Dans notre monde relativiste on dit : « à chacun sa vérité ». En réalité cela veut dire : « à chacun son opinion ». Le relativisme confond la vérité et l’opinion. L’opinion est subjective et dépend de nos expériences particulières. La vérité est objective et part du réel par l’évidence expérimentale ou par le raisonnement rigoureux. C’est la science qui constate, c’est la réflexion logique qui explique.

Voilà pourquoi nous sommes soumis à des contradictions qui tiennent à des différences d’opinion. Mais il nous faut rechercher la vérité indépendamment des idéologies et des positions mondaines qui s’imposent à tous. Voilà comment il faut comprendre la phrase de Jésus : « le monde les a pris en haine parce qu’ils n’appartiennent pas au monde ». Nous voyons bien que nous sommes en décalage par rapport à l’opinion courante. Nous défendons la vie dans une culture de mort. Nous sommes au service de l’amour gratuit dans une culture de l’égoïsme et du chacun pour soi.

La Bible nous a appris l’amour du prochain et le Christ nous révèle qu’il n’y a pas de plus grand amour que de donner sa vie. Donner sa vie, ce n’est pas seulement la transmettre à la manière des animaux pour une continuation de l’espèce. Donner sa vie, c’est engager toute son existence par un acte volontaire. Avez-vous remarqué que pour Jésus, l’amour n’est pas un sentiment ? L’amour est un commandement ! Jésus dit, en effet : « mon commandement le voici : aimez-vous les uns les autres comme je vous ai aimés ».

Il nous faut donc construire une société fraternelle fondée sur des relations de don de soi entre les personnes. La valeur absolue de toute personne humaine construit une société plus humaine.

C’est une société qui donne sa place aux plus fragiles et aux plus faibles et se donne les moyens de les protéger. A commencer par les plus petits d’entre nous : les enfants qui ont des droits, qu’ils soient dans le ventre de leur mère ou déjà apparus au monde par leur naissance.

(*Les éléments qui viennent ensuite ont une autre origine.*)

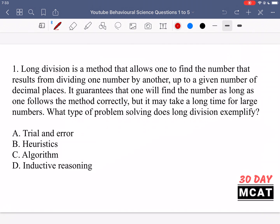We want to know the type of problem solving being described. The main three covered in Behavioral Sciences are trial and error, heuristics, and algorithm. For example, if you're going through the grocery store looking for something and you don't know which aisle it's in, trial and error would be checking everything one by one, eliminating what's wrong, and going through all the aisles until you eventually find the product.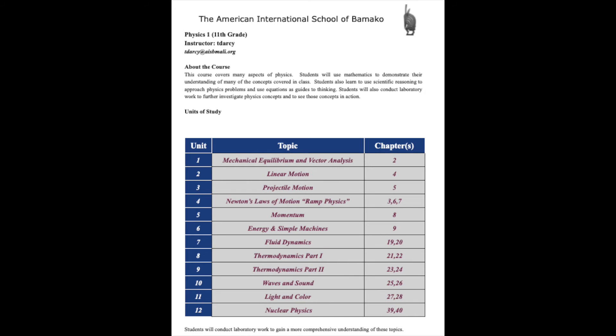Hello, and welcome to Physics, 11th grade, Physics 1.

Cela concerne aussi les pauvres soumis à l’arbitraire des profiteurs sans âme, mais également des femmes dans les sociétés de type patriarcal où leurs droits sont bafoués et leur dignité réduite à leur fonctionnalité et non à leur être, comme celles qu’on utilise pour louer leur ventre pour satisfaire le désir de riches occidentaux.

Le monde dans lequel nous vivons s’est peu à peu éloigné de cette fraternité humaine pour construire une société individualiste fondée sur l’autonomie. L’autonomie est illusoire car nous sommes tous dépendants les uns des autres. Par exemple, le suicide assisté, revendiqué au nom de l’autonomie, est un oxymore. Le suicide est un acte éminemment personnel et dans ce cas particulier on demande à un tiers d’intervenir et à la société de légiférer.

Le droit qui fut jadis au service du plus faible afin de sortir de la loi de la jungle et du plus fort se transforme peu à peu pour se mettre au service du désir sans limite de l’homme au nom de possibilités techniques. L’écologie nous a appris que ce désir illimité conduisait à détruire la planète dans laquelle nous vivons et dont nous aurions dû être les gérants et les garants. Ce même désir illimité conduira à détruire notre humanité qui ne peut exister que dans la fraternité dont le Christ nous a révélé qu’elle venait d’un unique Père qui est la source de l’amour.

Nous croyons profondément que cette fraternité fondée sur l’amour est la source de la vraie joie dont parlait le Seigneur : « je parle ainsi, dans le monde, pour qu’ils aient en eux ma joie, et qu’ils en soient comblés ».

+ Michel Aupetit, archevêque de Paris.